In the programming assignment notebook “Image_segmentation_Unet_v2”, in methods
def process_path(image_path, mask_path):
img = tf.io.read_file(image_path)
img = tf.image.decode_png(img, channels=3)
img = tf.image.convert_image_dtype(img, tf.float32)
mask = tf.io.read_file(mask_path)
mask = tf.image.decode_png(mask, channels=3)
mask = tf.math.reduce_max(mask, axis=-1, keepdims=True)
return img, mask
def preprocess(image, mask):
input_image = tf.image.resize(image, (96, 128), method='nearest')
input_mask = tf.image.resize(mask, (96, 128), method='nearest')

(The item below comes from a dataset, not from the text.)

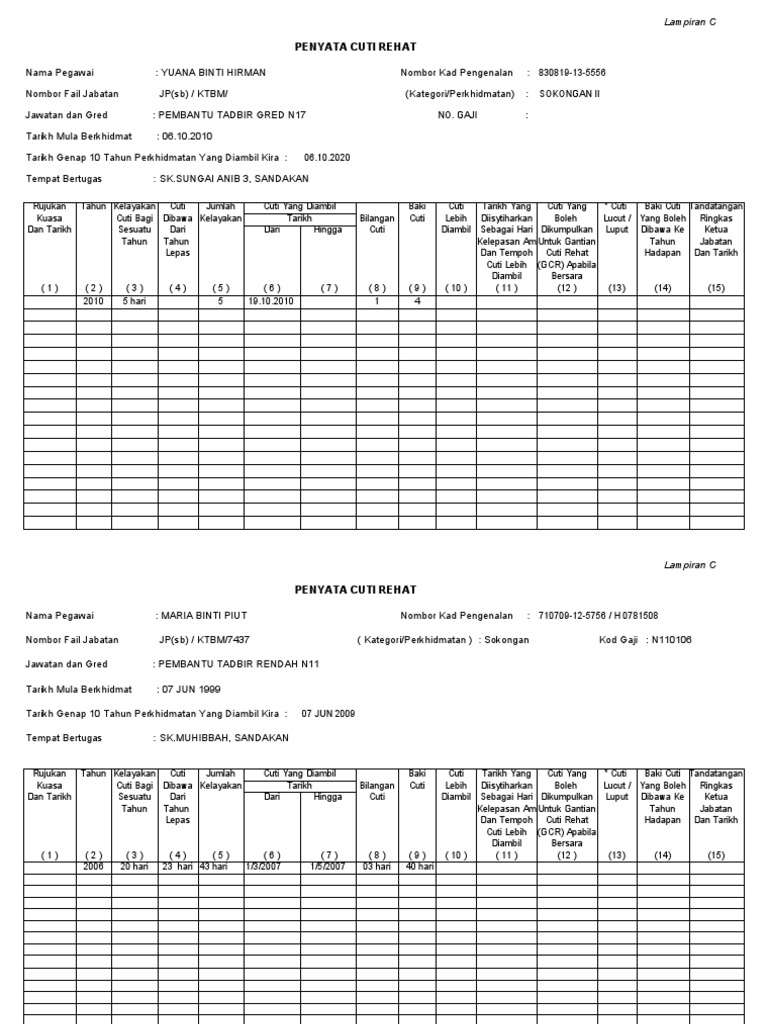Borang Penyata Cuti Rehat Lampiran C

input_image = input_image / 255.
return input_image, input_mask
I think this line may be a bug:
input_image = input_image / 255.
If you read doc for tf.image.convert_image_dtype(…), this method if used with dtype=tf.float32, will rescale values to [0, 1]. So it may not be needed again in “def preprocess”. I verify by reading back the dataset processed_image_ds and confirmed np.max(img) ~= 1/255. instead of expected value of 1.0. Unless somehow, UNet is done with 1/255^2 as normalization, i think this may be unintended.
In any case, i think the model may still train and perform well with this sort of rescaling. The only problem is if someone want to visualize directly the image coming out of dataset, and plt.imshow(…) will not render anything (total black?).